Given this model, it is clear that the DEE algorithm is guaranteed to find the optimal solution; that is, it is a [[global optimization]] process. The single-rotamer search scales [[quadratic growth|quadratically]] in time with ''total'' number of rotamers. The pair search scales cubically and is the slowest part of the algorithm (aside from energy calculations). This is a dramatic improvement over the brute-force enumeration which scales as <math>O(p^{N})</math>.
 
A large-scale [[benchmark (computing)|benchmark]] of DEE compared with alternative methods of [[protein structure prediction]] and design finds that DEE reliably converges to the optimal solution for protein lengths for which it runs in a reasonable amount of time{{ref|Voigt}}. It significantly outperforms the alternatives under consideration, which involved techniques derived from [[mean field theory]], [[genetic algorithm]]s, and the [[Monte Carlo method]]. However, the other algorithms are appreciably faster than DEE and thus can be applied to larger and more complex problems; their relative accuracy can be extrapolated from a comparison to the DEE solution within the scope of problems accessible to DEE.
 
==Protein design==
{{main|Protein design}}
The preceding discussion implicitly assumed that the rotamers <math>r_{k}</math> are all different orientations of the same amino acid side chain. That is, the sequence of the protein was assumed to be fixed. It is also possible to allow multiple side chains to "compete" over a position <math>k</math> by including both types of side chains in the set of rotamers for that position. This allows a novel sequence to be designed onto a given protein backbone. A short [[zinc finger]] protein fold has been redesigned this way{{ref|Dahiyat}}. However, this greatly increases the number of rotamers per position and still requires a fixed protein length.
 
==Generalizations==
More powerful and more general criteria have been introduced that improve both the efficiency and the eliminating power of the method for both prediction and design applications. One example is a refinement of the singles elimination criterion known as the Goldstein criterion{{ref|Goldstein}}, which arises from fairly straightforward algebraic manipulation before applying the minimization:
 
:<math>
E_{k}(r_{k}^{A}) - E_{k}(r_{k}^{B}) + \sum_{l=1}^{N} \min_{X} \left(E_{kl}(r_{k}^{A}, r_{l}^{X}) - E_{kl}(r_{k}^{B}, r_{l}^{X})\right) > 0
</math>
 
Thus rotamer <math>r_{k}^{A}</math> can be eliminated if any alternative rotamer from the set at <math>r_{k}</math> contributes less to the total energy than <math>r_{k}^{A}</math>. This is an improvement over the original criterion, which requires comparison of the best possible (that is, the smallest) energy contribution from <math>r_{k}^{A}</math> with the ''worst'' possible contribution from an alternative rotamer.
 
An extended discussion of elaborate DEE criteria and a benchmark of their relative performance can be found in {{ref|Peirce}}.
 
==References==
 
# {{note|Desmet}} Desmet J, de Maeyer M, Hazes B, Lasters I. (1992). The dead-end elimination theorem and its use in protein side-chain positioning. ''Nature'', '''356''', 539-542.
# {{note|Voigt}} Voigt CA, Gordon DB, Mayo SL. (2000). Trading accuracy for speed: A quantitative comparison of search algorithms in protein sequence design. ''J Mol Biol''  299(3):789-803.
# {{note|Dahiyat}} Dahiyat BI, Mayo SL. (1997). De novo protein design: fully automated sequence selection. ''Science'' 278(5335):82-7.
# {{note|Goldstein}} Goldstein RF. (1994). Efficient rotamer elimination applied to protein side-chains and related spin glasses. ''Biophys J'' 66(5):1335-40.

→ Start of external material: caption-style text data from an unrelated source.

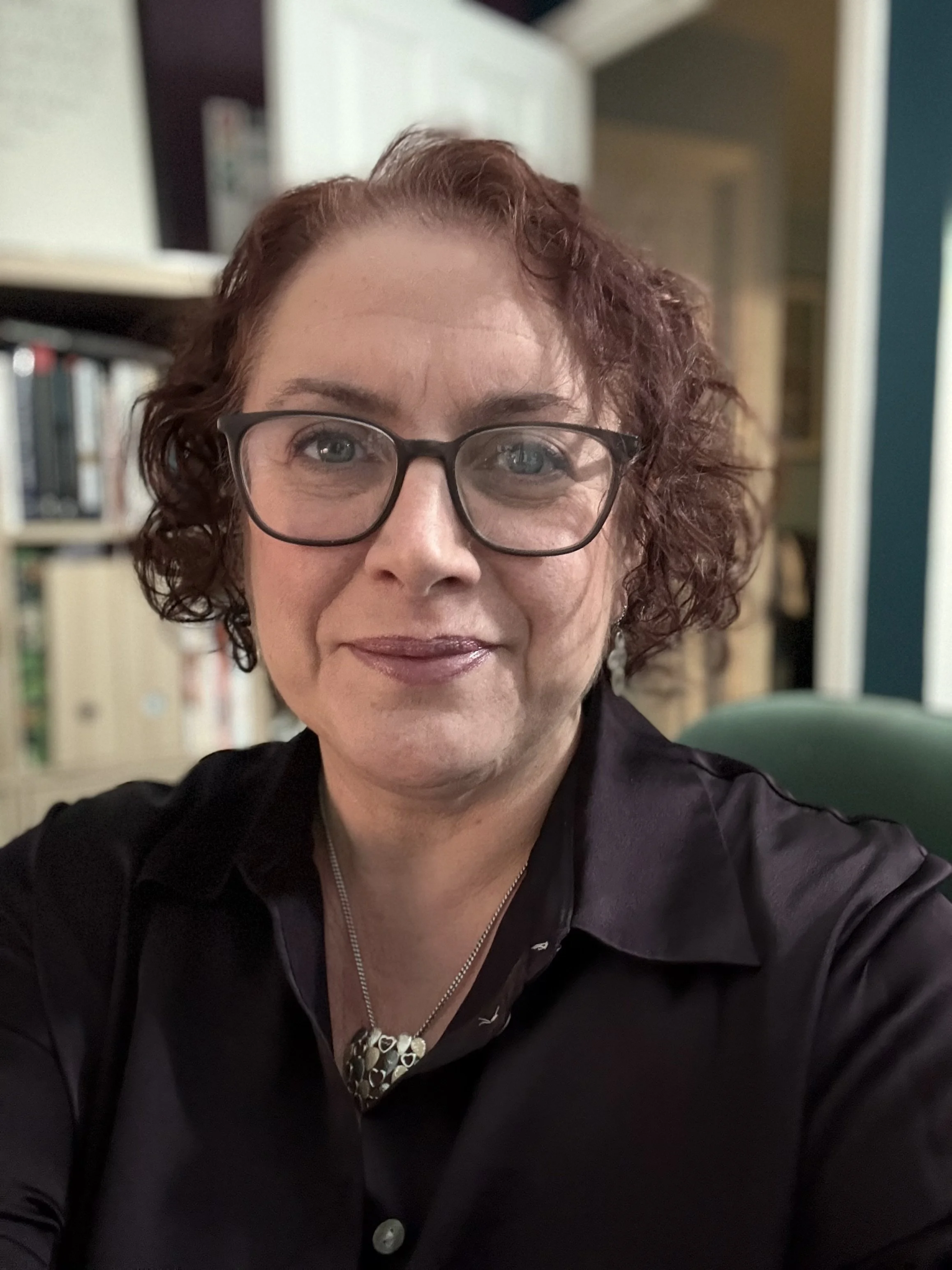 A woman with curly red hair and glasses taking a selfie in a room with bookshelves in the background.
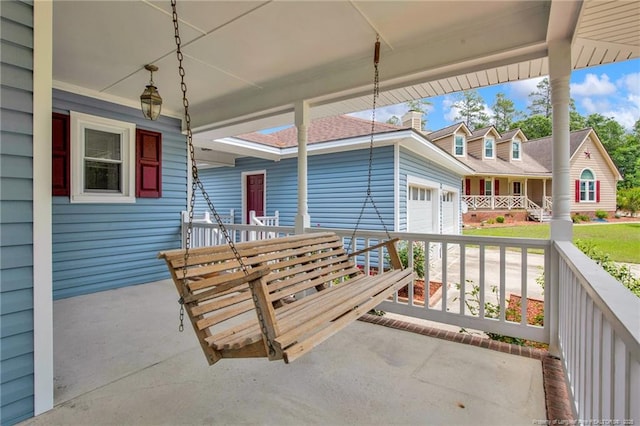 covered porch with a garage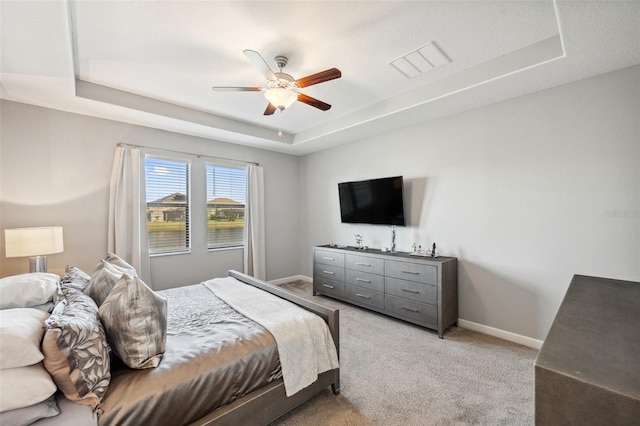 carpeted bedroom featuring ceiling fan and a raised ceiling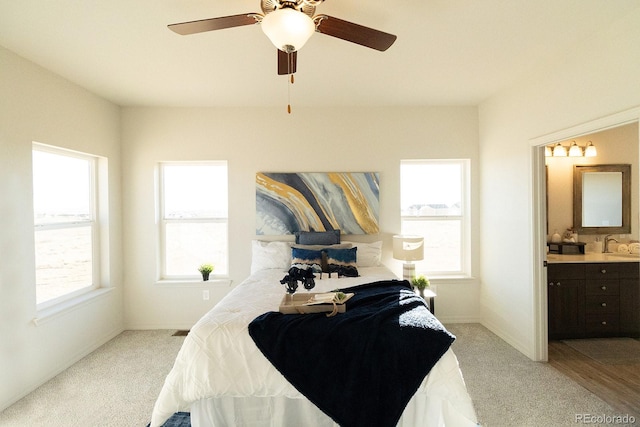 carpeted bedroom with ceiling fan, sink, and connected bathroom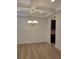 Formal dining room with elegant lighting and classic trim at 3022 Burnello Ct, Iron Station, NC 28080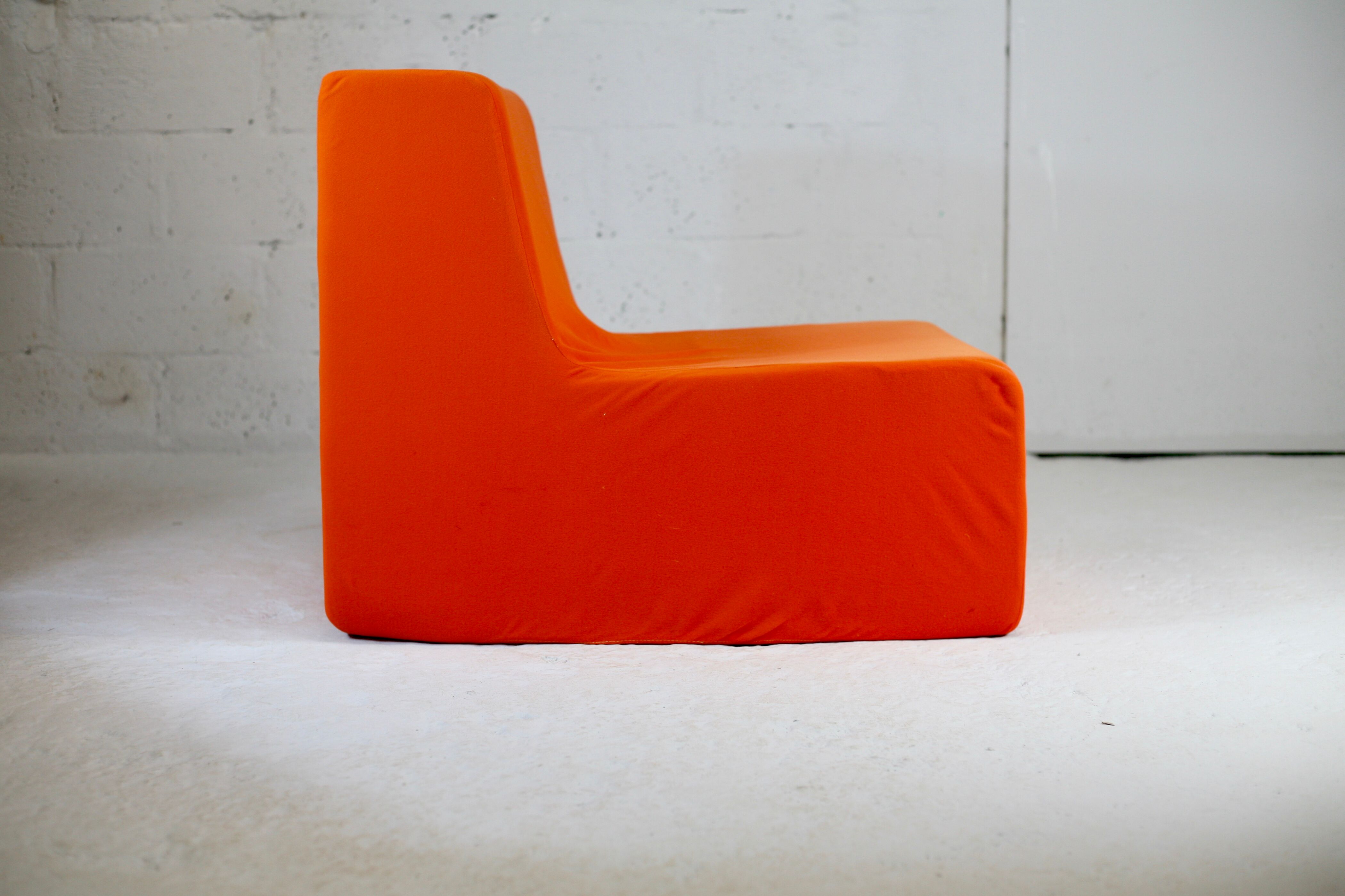 Armchair "space age" foam and orange jersey. Circa 1970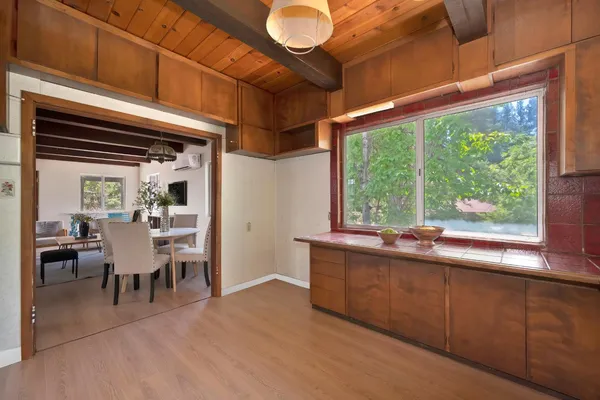 a view of a dining room with furniture window and outside view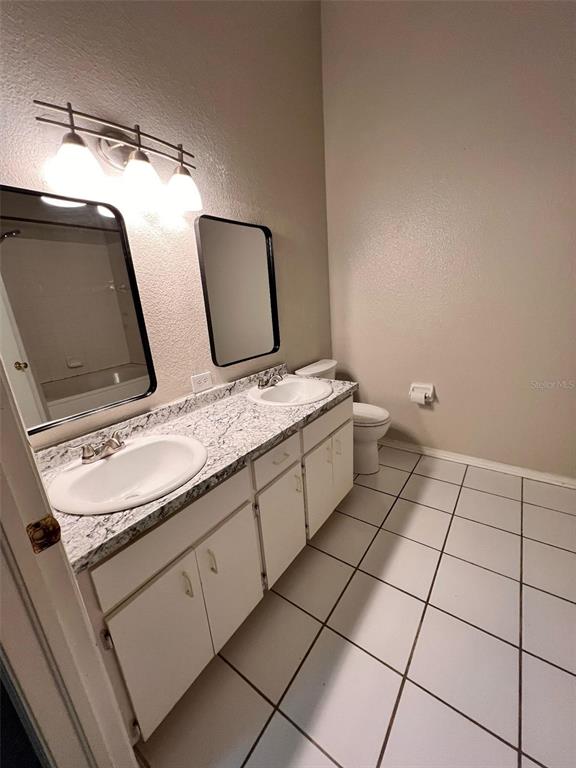 8674 Hunters Key Circle Tampa, FL 33647 - Photo 16 of 16 a bathroom with a granite countertop sink and a mirror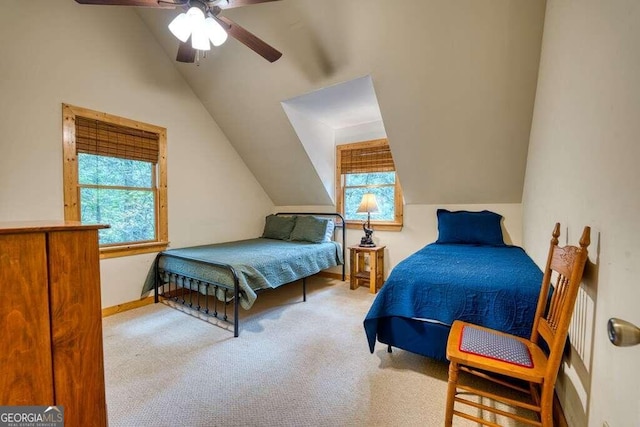 bedroom with lofted ceiling, multiple windows, ceiling fan, and light carpet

# {{note|Peirce}} Pierce NA, Spriet JA, Desmet J, Mayo SL. (2000). Conformational splitting: a more powerful criterion for dead-end elimination. ''J Comput Chem'' 21: 999-1009.
 
[[Category:Mathematical optimization]]
[[Category:Protein methods]]

Latest revision as of 04:38, 23 December 2014

Hello and welcome. My title is Irwin and I totally dig that title. One of the extremely very best things in over the counter std test globe for me is to do aerobics and I've been doing it for fairly a whilst. Hiring is his profession. South Dakota is exactly where me and my spouse reside and my family members enjoys it.